7. | Termination and Severance |
In the event this Agreement is terminated by Xxxx Xxx, Xxxxxxx shall be eligible for severance benefits subject to the terms and conditions of the Xxxx Xxx Corporation Severance Policy for Corporate officers, as amended from time to time (the “Policy”). The severance benefits, if any, payable under the Policy shall be the sole and exclusive severance benefits payable to Xxxxxxx.
8. | Other Terms and Conditions of Employment |
This Agreement shall not be deemed to amend or modify the terms and conditions of the Xxxx Xxx/DE Agreement. The Xxxx Xxx/DE Agreement shall remain in full force and effect in accordance with its provisions.
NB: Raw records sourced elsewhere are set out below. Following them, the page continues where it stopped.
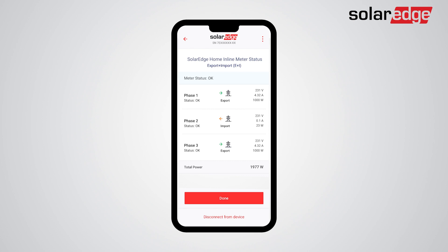The meter status screen enables the installer a quick view of the meter operation. Per-phase voltage, current, and power readings are presented, as well as the export or import directions. Tap Done.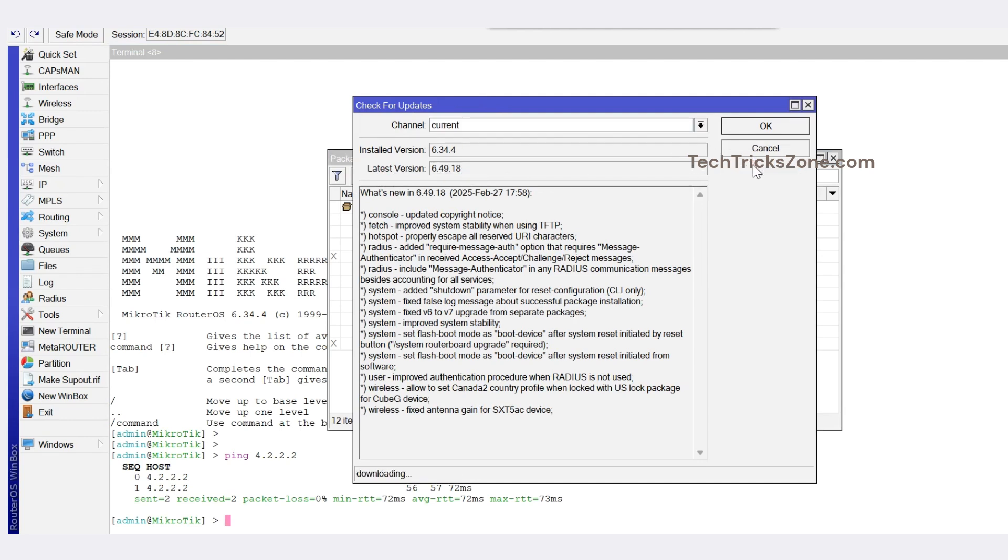Now press Download and Install button to upgrade to the new firmware version. The new firmware will start downloading and auto-install. The Groove device will reboot after the firmware upgrade finishes.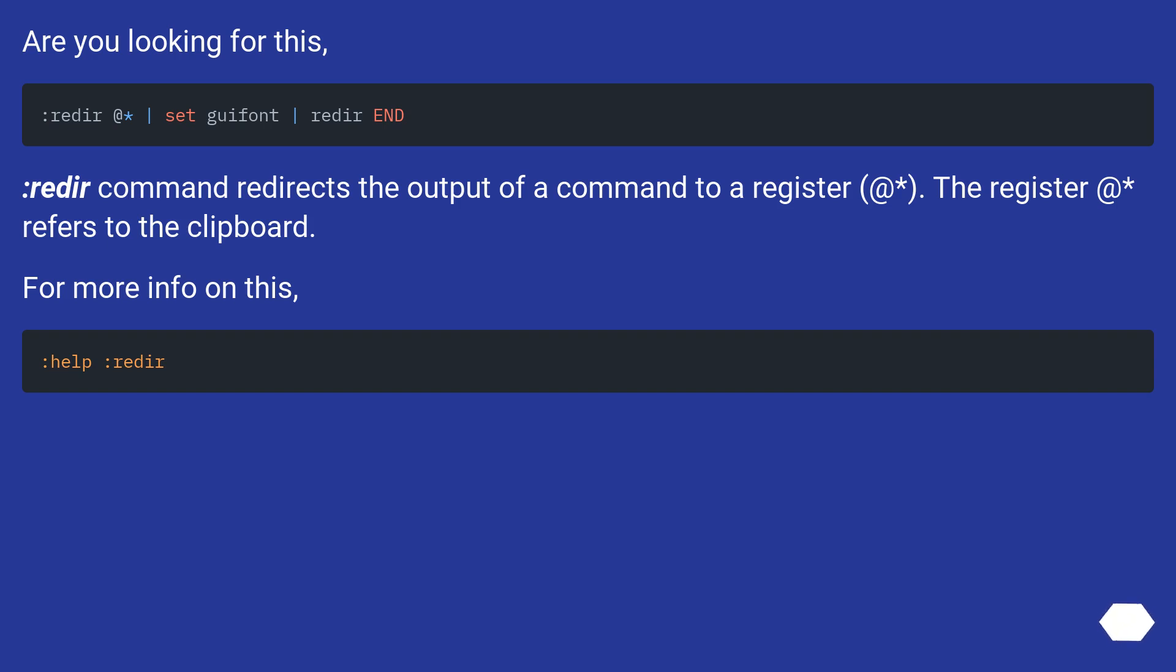Are you looking for this? The :redir command redirects the output of a command to a register. The register + refers to the clipboard. For more info on this.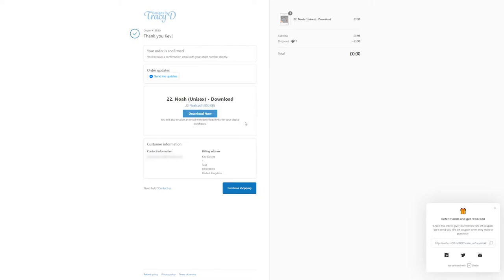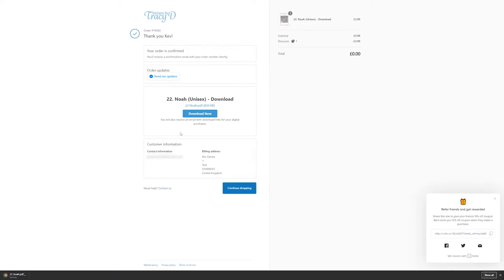If you've ordered multiple patterns, they will appear underneath each other in a list so you can download them separately. Once the downloads have finished preparing, just click the download now button and it will download to your device.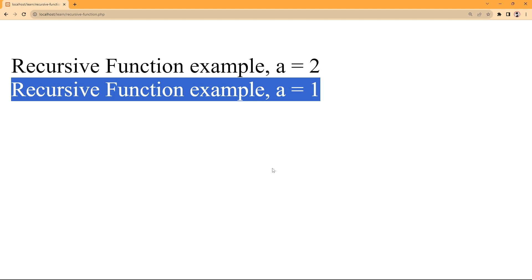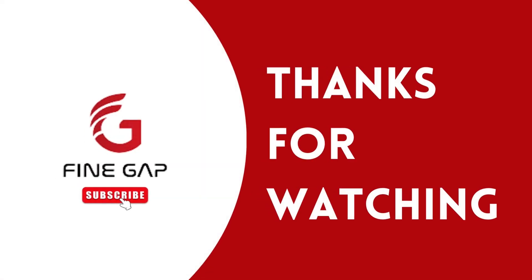So friends, this was the concept of recursive functions. Let me know in the comment section if you understood this concept. I want you to write a program — take a challenge about recursive functions to practice. If you have any questions you can ask in the comment section and we will try to answer. Please subscribe to our YouTube channel, and thanks for watching.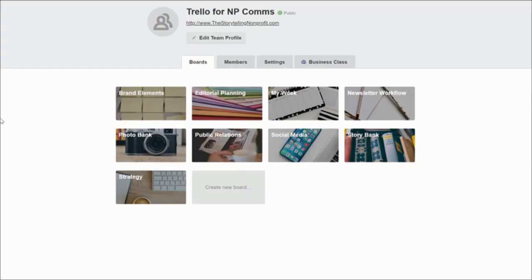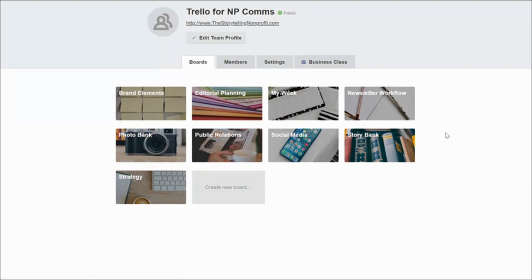Here's a look inside the Trello for mpcoms boards. You can see we put together nine different boards to help your organization organize all of its communications planning. We put together a board for brand elements, editorial planning, newsletter workflow, a photo bank, public relations, social media, a story bank, your high-level strategy, and also a board we call My Week so you can organize your weekly to-do lists.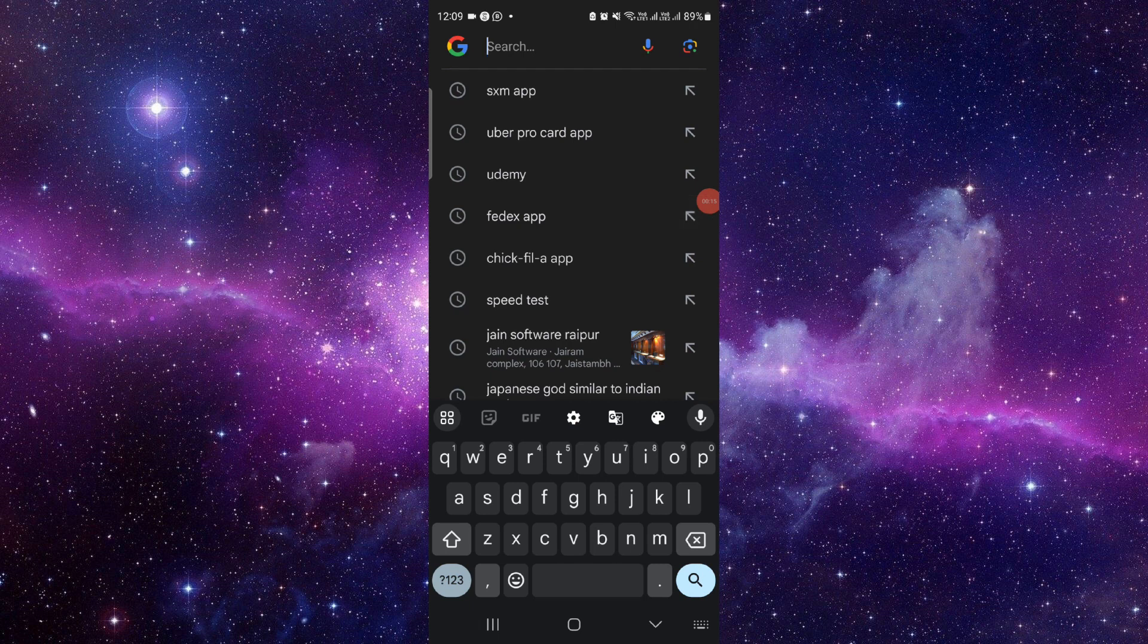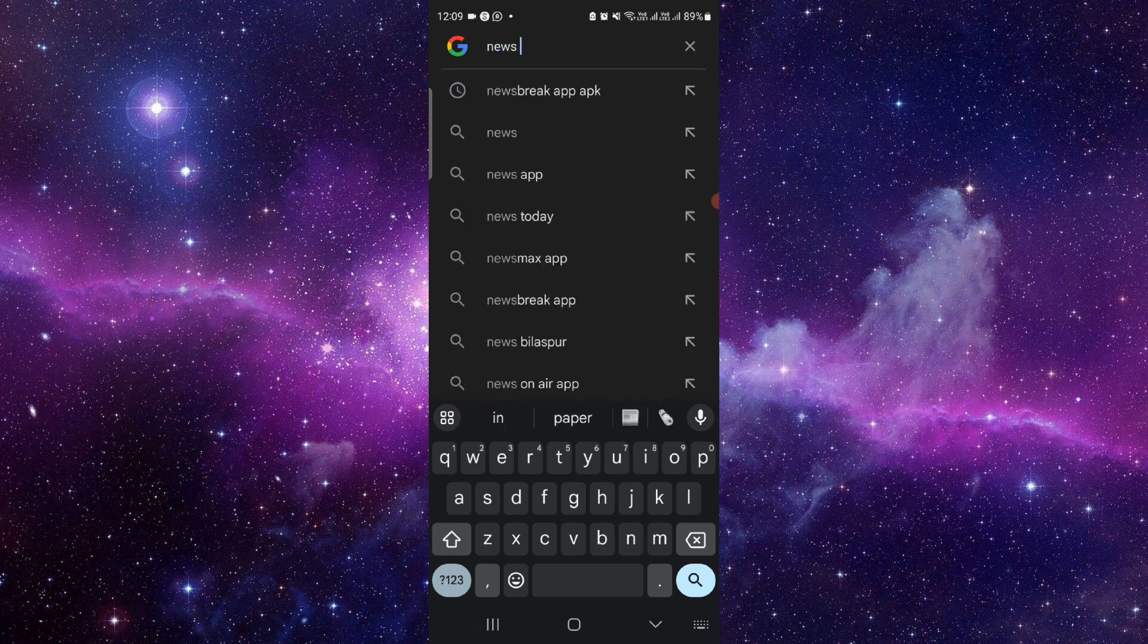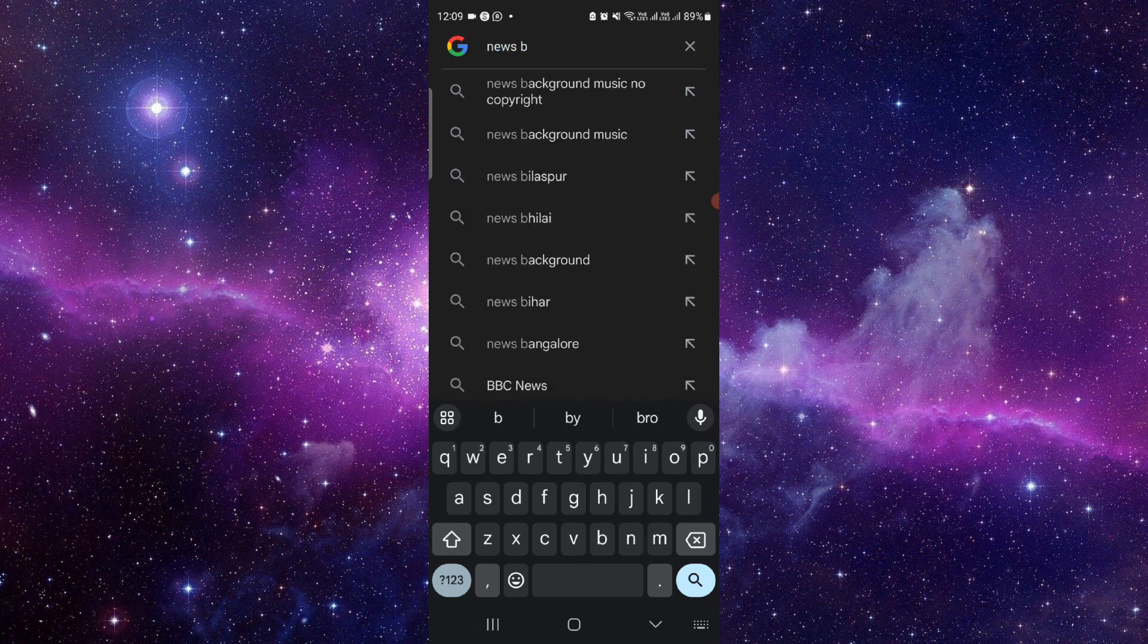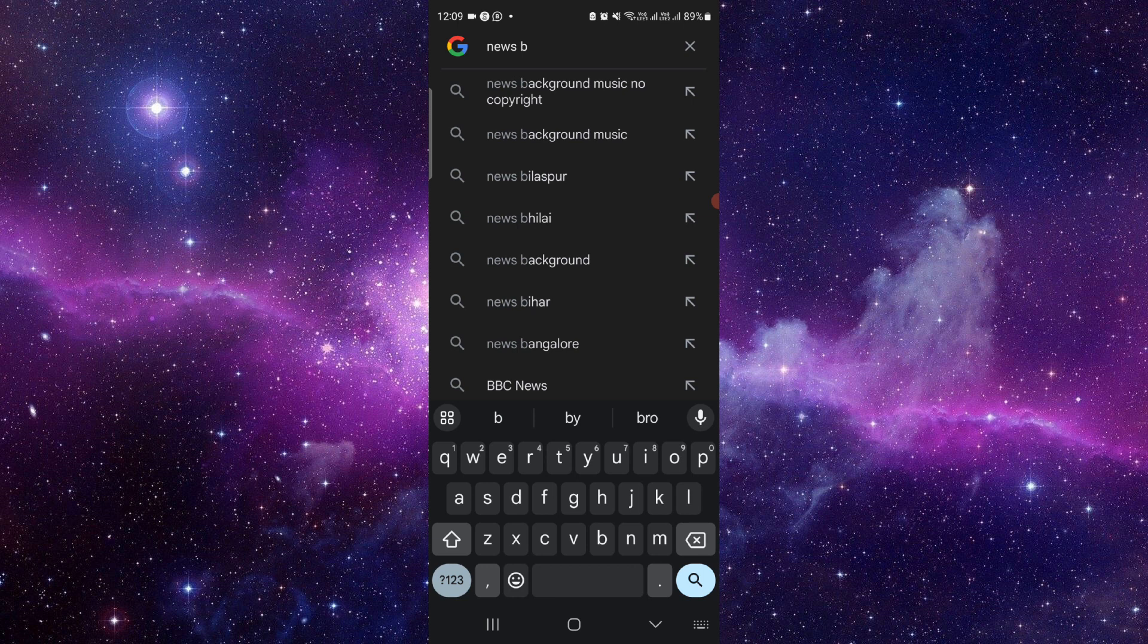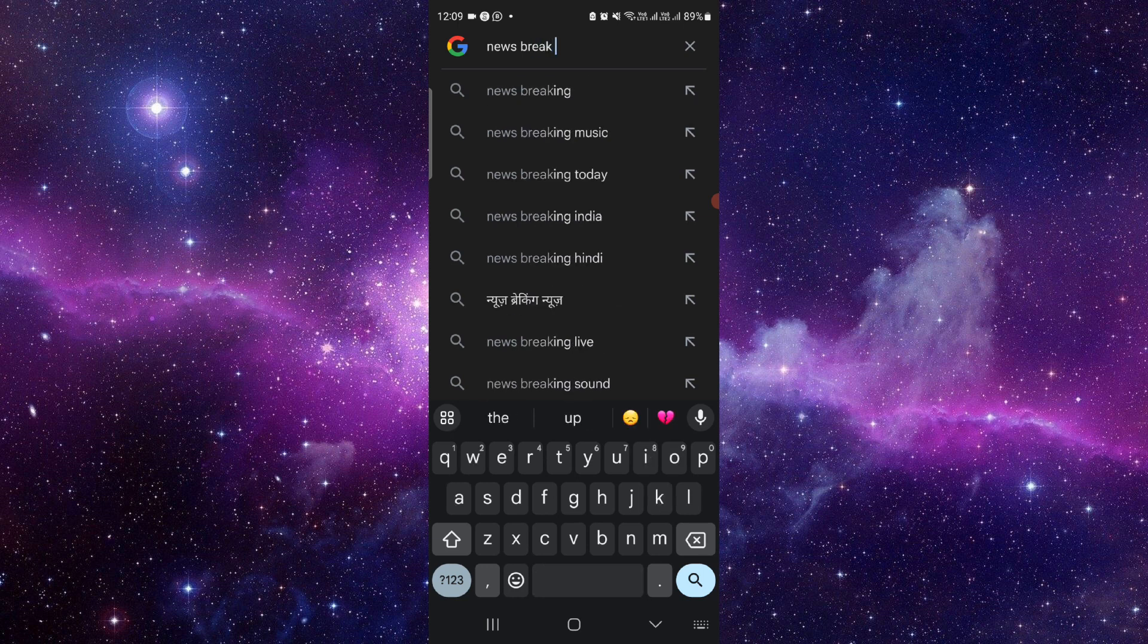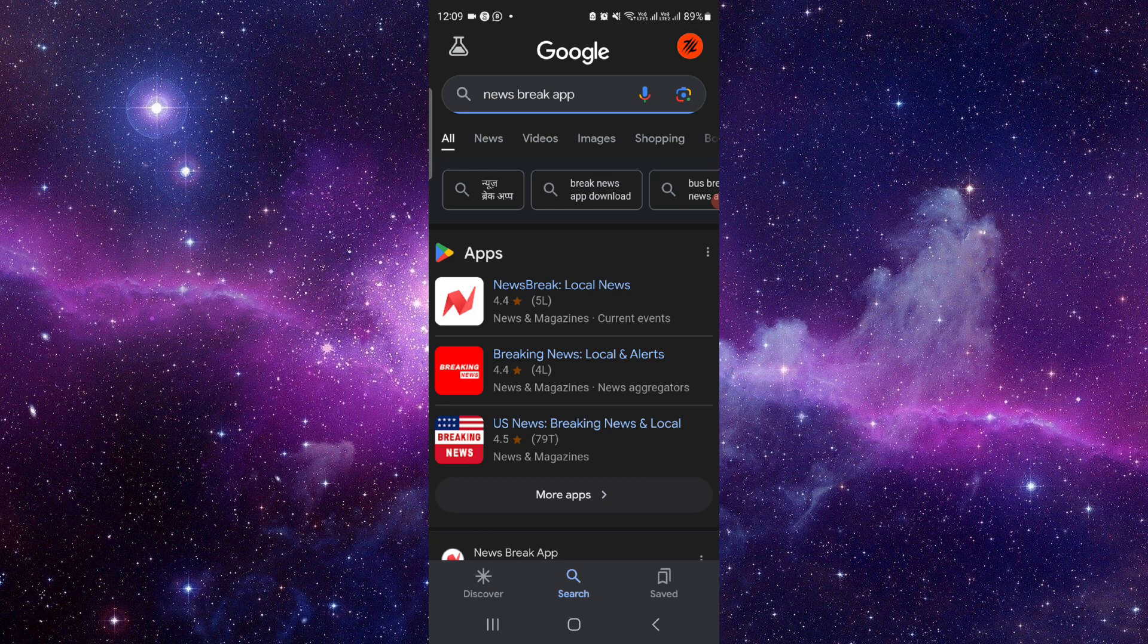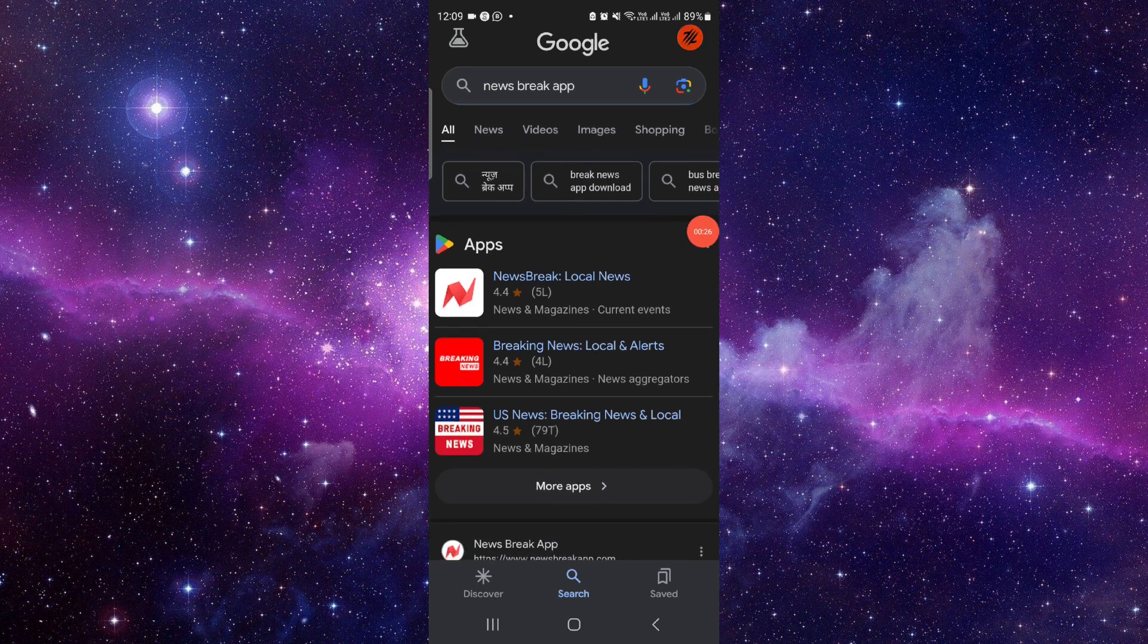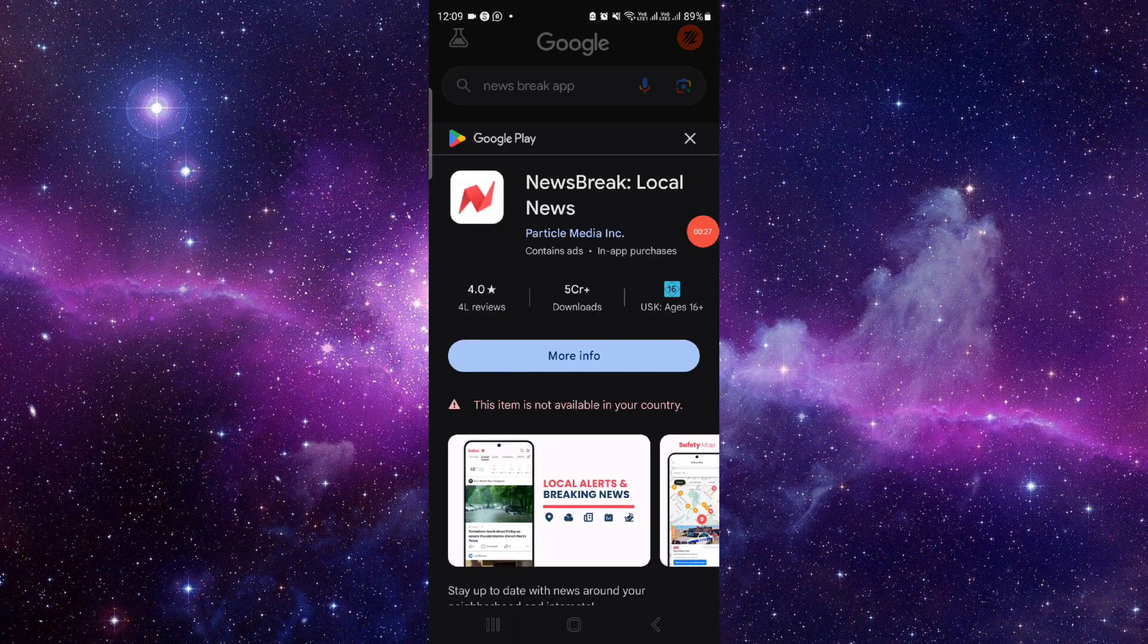...an iOS user, then you have to open your Apple Store. Just go and search for News Break app. Click on here, click on the install button and it will be done.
9. | Governing Conditions |
This Agreement shall be construed and enforced in accordance with, and the rights of the parties shall be governed by, the laws of the State of Illinois.
10. | Entire Agreement/Amendments |
This Agreement supersedes all existing agreements between the parties, whether written or oral. No change, modification or amendment of this Agreement shall be of any effect unless in writing and signed by Xxxxxxx and Xxxx Xxx.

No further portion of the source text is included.